Just SQL Part V - Counting with SQL
September 1, 2005
How many do I have? Do I have at least one? What is the greatest? What is the least? Give me the top 5 rows. These are just some of the types of questions that are often asked when trying to evaluate table data.
Many of the problems I see in answering reporting questions, and everyday DBA work, revolves around being able to sum, count, group, and select rows of information based on these selective functions. Most practitioners can count or sum values just fine but when they must answer questions on how the counting or summing relates to other information they do not quite know where to start. So how do we translate these types of questions into valid SQL statements that can answer many of these counting questions? This article will explore some of the more common questions I have come across in my days and give a clear pattern that can be used to develop your own SQL statements. Some are quite simplistic others are more abstract. Nevertheless, these statements should get you started in your quest to related summed information from your database.
We will again go back to our DOG_ORIGIN table, shown in Table 1, for these examples.
On the surface, the simplest of all counting questions is to determine how many of something there is in a table. In the DOG_ORIGIN table, we might want to ask, "How many dogs are considered 'Big'." To do this we can simply put together the following SQL statement. This will look through the table DOG_ORIGIN and count the number of rows that have the BREED_SIZE of 'Big'. You could put another predicate together and ask how many 'Big' dogs are in the USA, very simple. Most can develop this query; it is after creating this output that confusion sets in.

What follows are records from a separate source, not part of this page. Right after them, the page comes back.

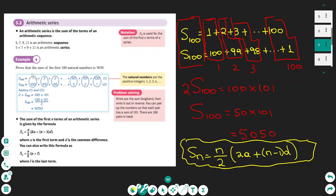This exercise asks you to prove that the sum of the first 100 natural numbers is 5050. We write the sum S as 1 plus 2 plus 3 plus ... plus 100, then write the same sum in reverse order as 100 plus 99 plus 98 plus ... plus 1. Adding these two equations gives 2S, and each of the 100 columns sums to 101.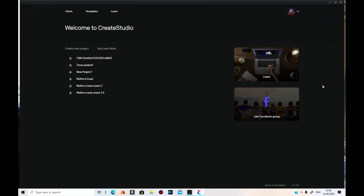Hello, this is Tony of Tony's Music. I'm just starting off the Crouch Studio for you, so I can do a walkthrough for you. As you can see, you've got three things at the top here: Home, Templates, and Learn.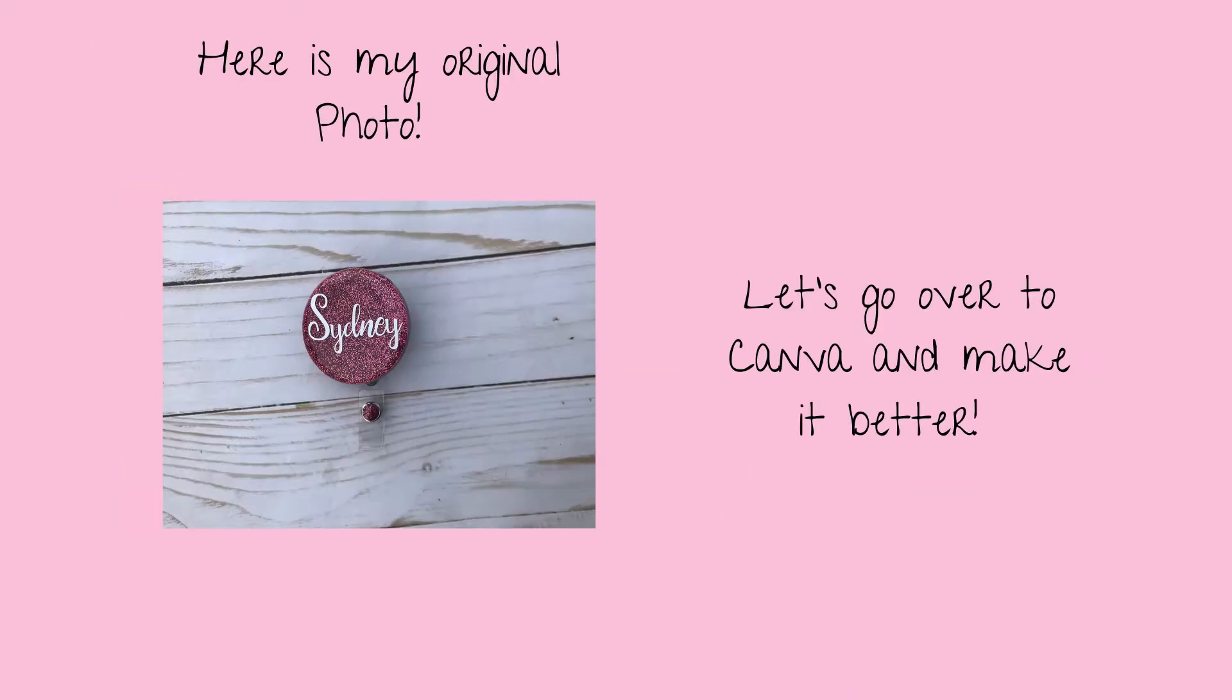So for this video, I took a picture of one of my badge reels that I have in my shop, and we're going to take that over to the free Canva app. I'm going to show you how we can adjust the size and the quality of the photo. So let's go take a look.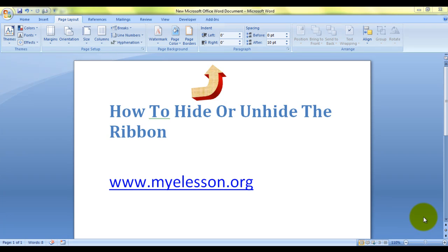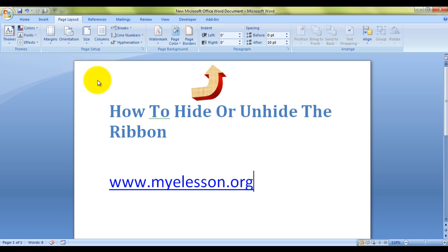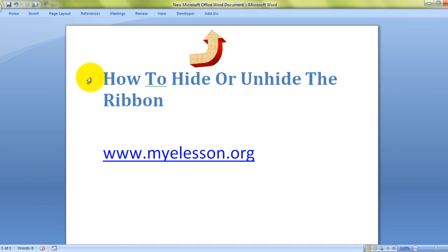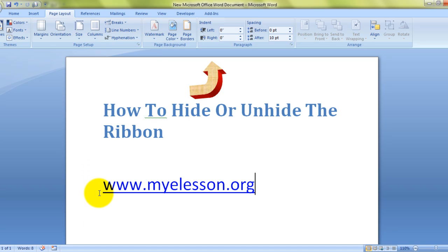Hello everybody and welcome to my lesson. Today I'm going to tell you how to hide or unhide the ribbon in Microsoft Word. This is the ribbon — this is what I'm talking about. Once you hide it, you have much more viewing space, and simply by a click of a button you can hide it or unhide it again.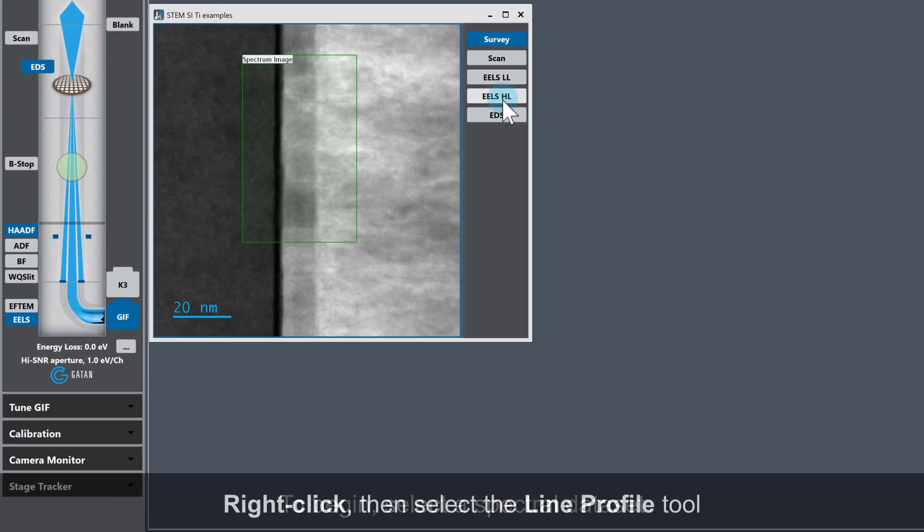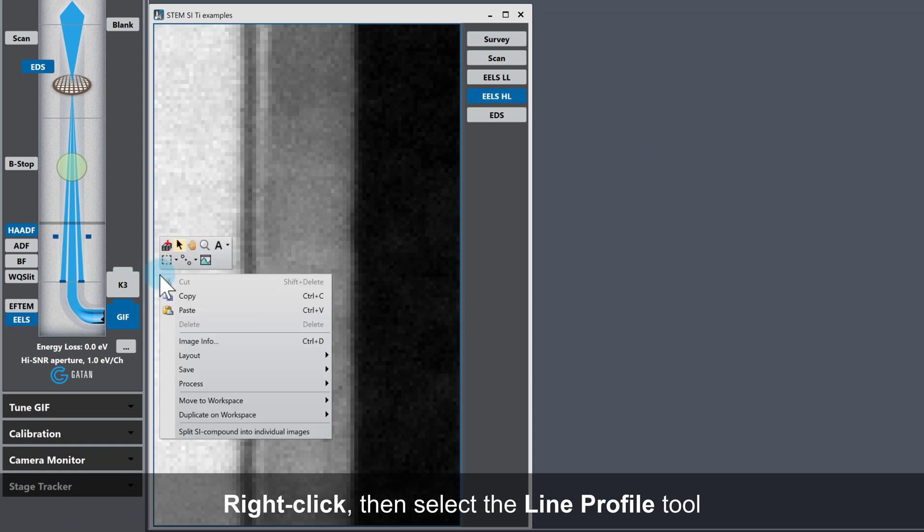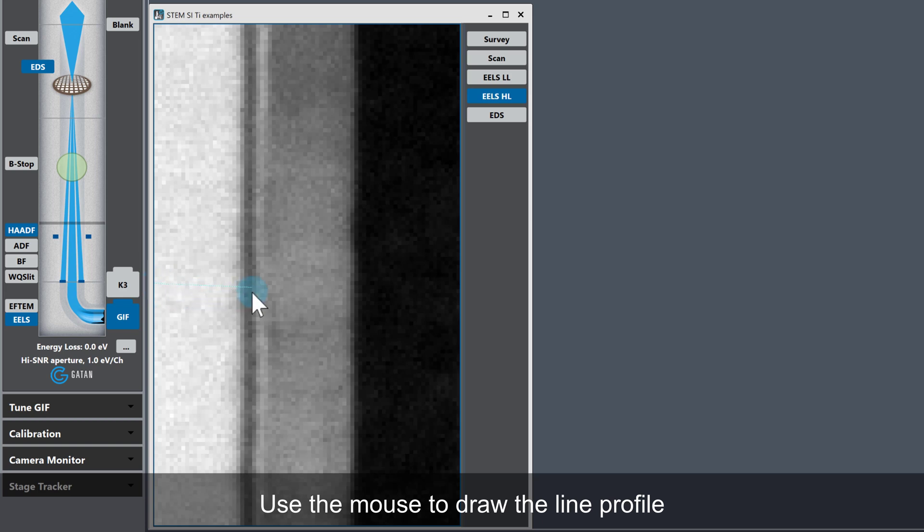To draw a line profile, right click and select the line profile tool from the floating menu. Then left click and drag where you want your line profile.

SQL> SELECT count(*) FROM dog_origin WHERE breed_size = 'Big'; COUNT(*) ---------- 6
To take the previous simple counting example a bit further, we might want to ask for a summing of the number of big dogs by country. This is done by the following SQL. Simply add the country column to the select list and then the 'GROUP BY' clause to show counts of dogs grouped by country. Not too difficult, but we are now beginning to see a relationship develop across the different countries and the number of dogs.
SQL> SELECT country, count(*) FROM dog_origin WHERE breed_size = 'Big' GROUP BY country; COUNTRY COUNT(*) ------------------------------ ---------- Germany 3 Switzerland 2 USA 1
Now let us say we want to know those countries that have big dogs but also have more than one. This could then be done by the following SQL. Everything stays the same as in our previous example but we must add the 'HAVING' keyword. This relates the count you have grouped against the country column and evaluates it to having more than the static number 1. Often the 'HAVING' clause actually will be evaluated to a dynamic variable as will be seen in our next example.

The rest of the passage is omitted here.